Kodok Rumah (Duttaphrynus melanostictus)
Duttaphrynus melanostictus adalah spesies katak sejati yang termasuk dalam genus Duttaphrynus (Famili Bufonidae, Ordo Anura, Kelas Amphibia). Umumnya dikenal sebagai Katak Biasa Asia atau Katak Berduri Hitam, ia adalah salah satu amfibi yang paling tersebar luas dan mudah beradaptasi di Asia. Jangkauan asalnya meliputi Asia Selatan dan Tenggara, termasuk India, Sri Lanka, Nepal, Bangladesh, Bhutan, Myanmar, Thailand, Laos, Kamboja, Vietnam, Tiongkok selatan, Malaysia, Singapura, dan Indonesia. Spesies ini juga telah diperkenalkan ke beberapa pulau dan wilayah lain di luar jangkauan asalnya. Ia menghuni hutan, padang rumput, lahan basah, lahan pertanian, perkebunan, taman, kebun, desa, dan lingkungan perkotaan.
Duttaphrynus melanostictus adalah katak berukuran sedang dengan tubuh kekar, kepala lebar, dan anggota tubuh yang relatif pendek. Dewasa biasanya berukuran 5–12 cm panjang moncong–vent, dengan betina umumnya lebih besar daripada jantan. Kulitnya kering, kasar, dan ditutupi banyak kutil bulat berujung duri hitam seperti tanduk yang khas, ciri yang melahirkan nama umum “Katak Berduri Hitam”. Warna tubuh bervariasi dari cokelat kekuningan dan zaitun hingga abu-abu atau cokelat kemerahan, biasanya ditandai dengan bercak yang lebih gelap yang memberikan kamuflase yang efektif.
Kelenjar parotoid besar terdapat di belakang mata dan menghasilkan sekresi beracun yang menghalau predator. Mata memiliki pupil horizontal dan iris berwarna emas hingga tembaga. Selama musim kawin, jantan sering mengembangkan warna tenggorokan gelap dan bantalan kawin pada jari-jari, yang membantu dalam mencengkeram betina selama amplexus.
Spesies ini terutama nokturnal, muncul setelah matahari terbenam untuk mencari makan secara aktif. Ia memakan berbagai macam invertebrata, termasuk semut, rayap, kumbang, lalat, ngengat, laba-laba, cacing tanah, siput, dan arthropoda kecil lainnya. Di daerah perkotaan, ia sering terlihat di sekitar lampu jalan, di mana ia menangkap serangga yang tertarik pada penerangan buatan.
Reproduksi terutama terjadi selama musim hujan. Betinanya bertelur dalam untaian gelatin panjang yang berisi beberapa ribu telur di kolam, parit, sawah, rawa, dan genangan air sementara. Pembuahan terjadi secara eksternal, dan kecebong air memakan alga, mikroorganisme, dan detritus organik sebelum mengalami metamorfosis menjadi juvenil darat.
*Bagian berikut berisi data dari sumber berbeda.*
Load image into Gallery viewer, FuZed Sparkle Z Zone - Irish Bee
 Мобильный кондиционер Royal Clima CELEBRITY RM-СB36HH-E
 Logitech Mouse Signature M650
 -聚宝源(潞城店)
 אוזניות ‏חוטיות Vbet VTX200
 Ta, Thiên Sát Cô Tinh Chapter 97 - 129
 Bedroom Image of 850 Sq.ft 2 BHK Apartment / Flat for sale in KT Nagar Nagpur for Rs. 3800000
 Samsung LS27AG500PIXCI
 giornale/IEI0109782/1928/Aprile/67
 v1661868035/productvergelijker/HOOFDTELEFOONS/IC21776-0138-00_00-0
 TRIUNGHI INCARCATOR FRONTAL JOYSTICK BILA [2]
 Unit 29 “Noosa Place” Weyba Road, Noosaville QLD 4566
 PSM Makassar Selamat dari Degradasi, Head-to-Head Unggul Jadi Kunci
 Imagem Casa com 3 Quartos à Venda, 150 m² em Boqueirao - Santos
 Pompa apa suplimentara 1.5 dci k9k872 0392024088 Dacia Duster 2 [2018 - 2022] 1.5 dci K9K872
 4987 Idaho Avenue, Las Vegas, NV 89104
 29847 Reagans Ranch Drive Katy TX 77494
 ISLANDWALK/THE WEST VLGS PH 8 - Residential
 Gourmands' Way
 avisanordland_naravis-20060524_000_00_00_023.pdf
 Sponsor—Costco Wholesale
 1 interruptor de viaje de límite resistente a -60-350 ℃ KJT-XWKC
Duttaphrynus melanostictus sangat toleran terhadap gangguan habitat dan merupakan salah satu dari sedikit amfibi yang berkembang di daerah perkotaan yang padat penduduk. Meskipun umumnya dianggap sebagai spesies yang Kurang Terancam Punah, populasi yang diperkenalkan dapat berdampak negatif pada amfibi asli melalui persaingan, predasi, dan penyebaran patogen.
Secara ekologis, Duttaphrynus melanostictus merupakan predator penting bagi serangga dan invertebrata lainnya, membantu mengendalikan populasi hama secara alami di hutan, pertanian, dan lingkungan perkotaan. Ia juga menjadi mangsa bagi ular, burung, mamalia, dan reptil yang lebih besar, meskipun sekresi kulitnya yang beracun menghalangi banyak predator. Kemampuannya beradaptasi, kelimpahannya, dan peran ekologisnya yang luas menjadikannya salah satu amfibi yang paling dikenal dan signifikan secara ekologis di seluruh Asia.